• [Assignment]: Below are the records; copy exactly the stretch from the line containing "México Femenil pierde" through the line containing "new 2026 Mercedes-Benz", both ends included, and nothing else.

• [Information given]:
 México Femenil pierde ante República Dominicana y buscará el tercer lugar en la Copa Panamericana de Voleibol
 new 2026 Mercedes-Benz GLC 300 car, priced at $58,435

...

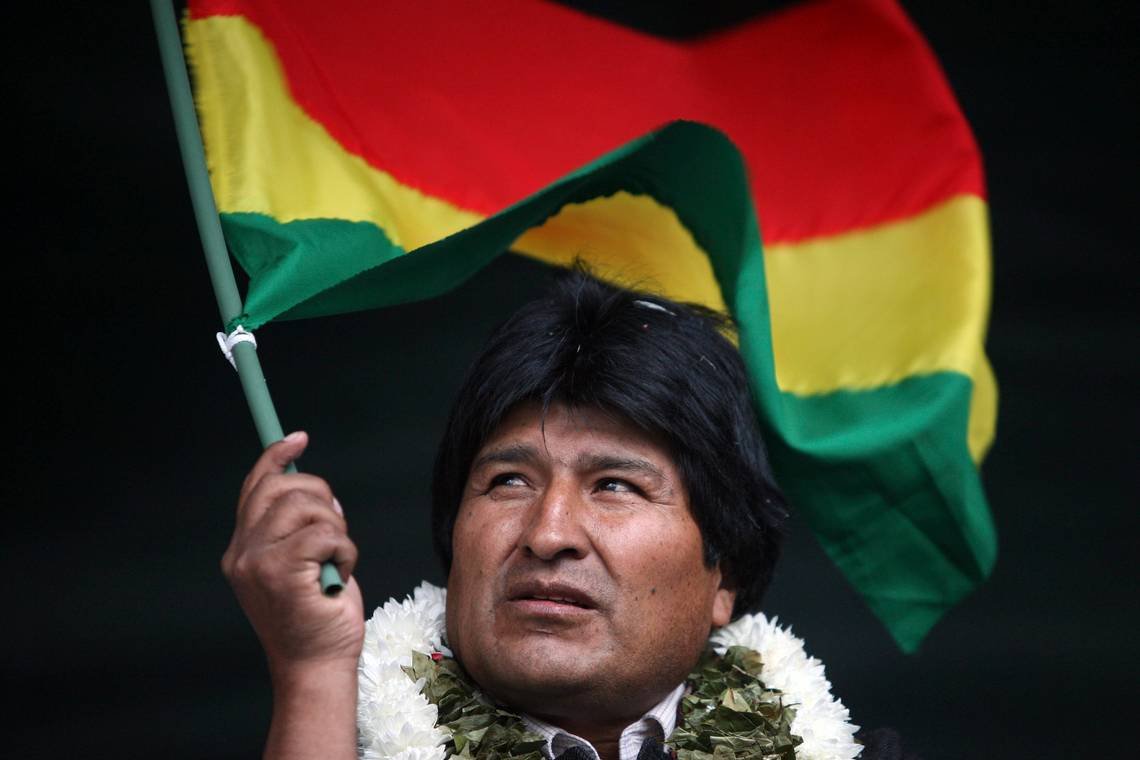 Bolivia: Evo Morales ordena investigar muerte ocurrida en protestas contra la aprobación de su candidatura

...

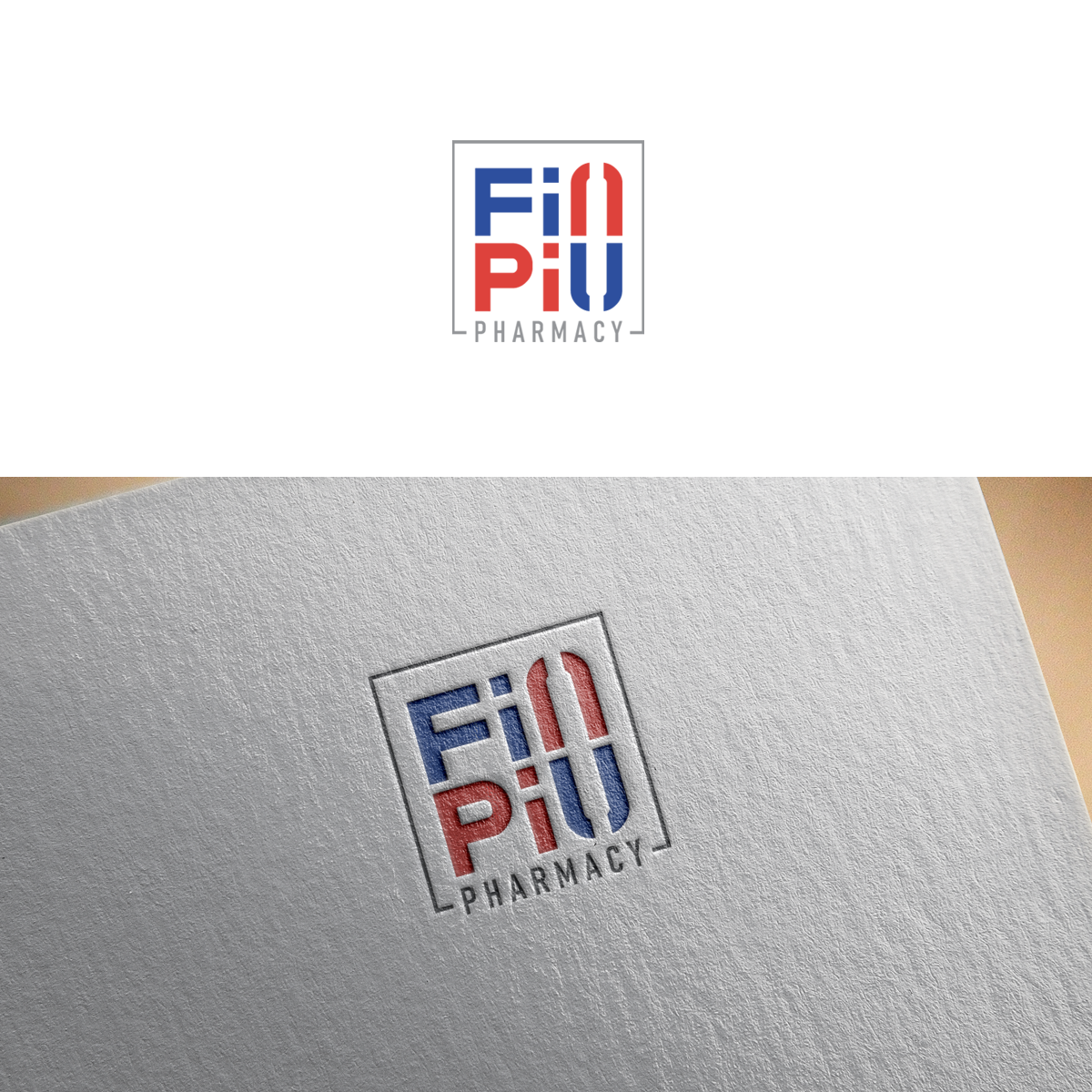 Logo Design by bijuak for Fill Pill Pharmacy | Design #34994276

• [Written response]:
 México Femenil pierde ante República Dominicana y buscará el tercer lugar en la Copa Panamericana de Voleibol
 new 2026 Mercedes-Benz GLC 300 car, priced at $58,435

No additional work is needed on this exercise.